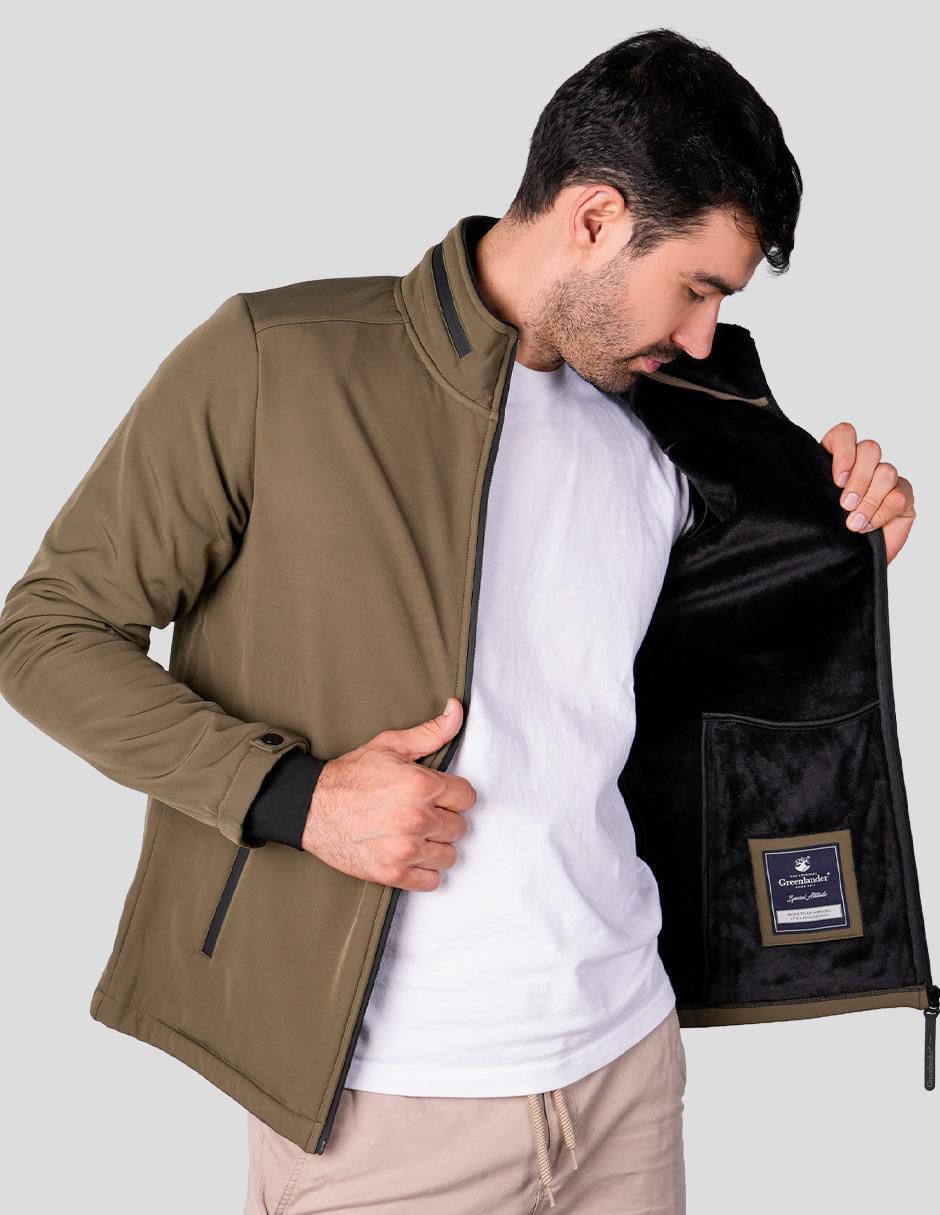 Chamarra casual impermeable capucha desmontable para hombre 5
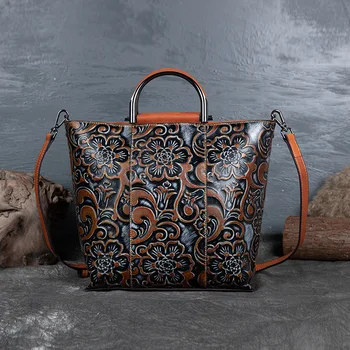 

AECLVR Original Handbag Genuine Leather Bag Designers Luxury Handbags Women Shoulder Bags Female Top-handle Bags Luxury Tote Bag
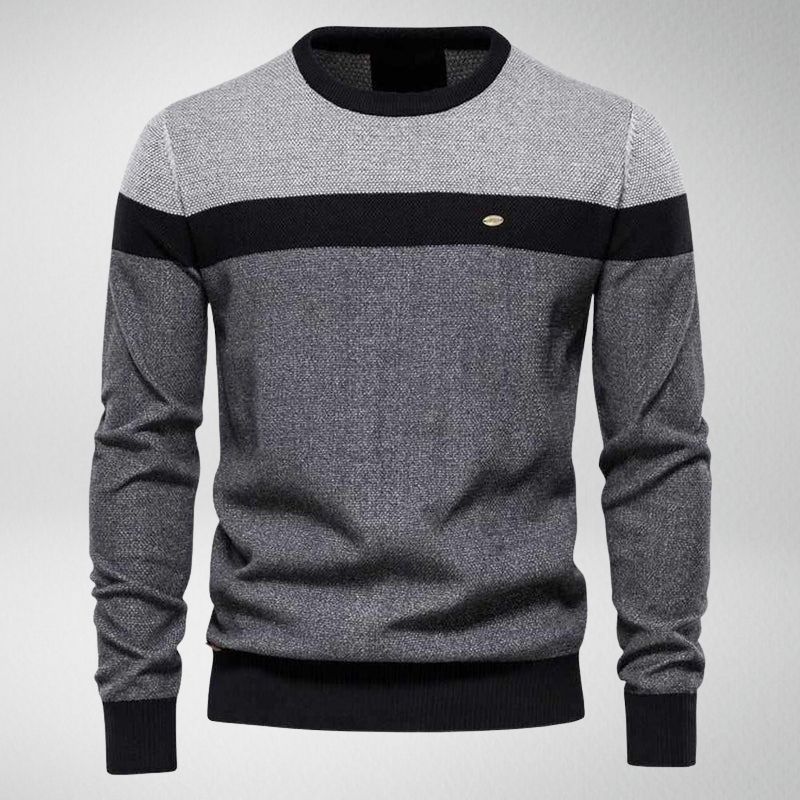 Classic Men's Striped Crew Neck Sweater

[Exercise details] Emit an exact copy of the lines from the line bearing "AECLVR Original Handbag" through the last line above, inclusive, and leave the images out.

[Task output]
AECLVR Original Handbag Genuine Leather Bag Designers Luxury Handbags Women Shoulder Bags Female Top-handle Bags Luxury Tote Bag
 Classic Men's Striped Crew Neck Sweater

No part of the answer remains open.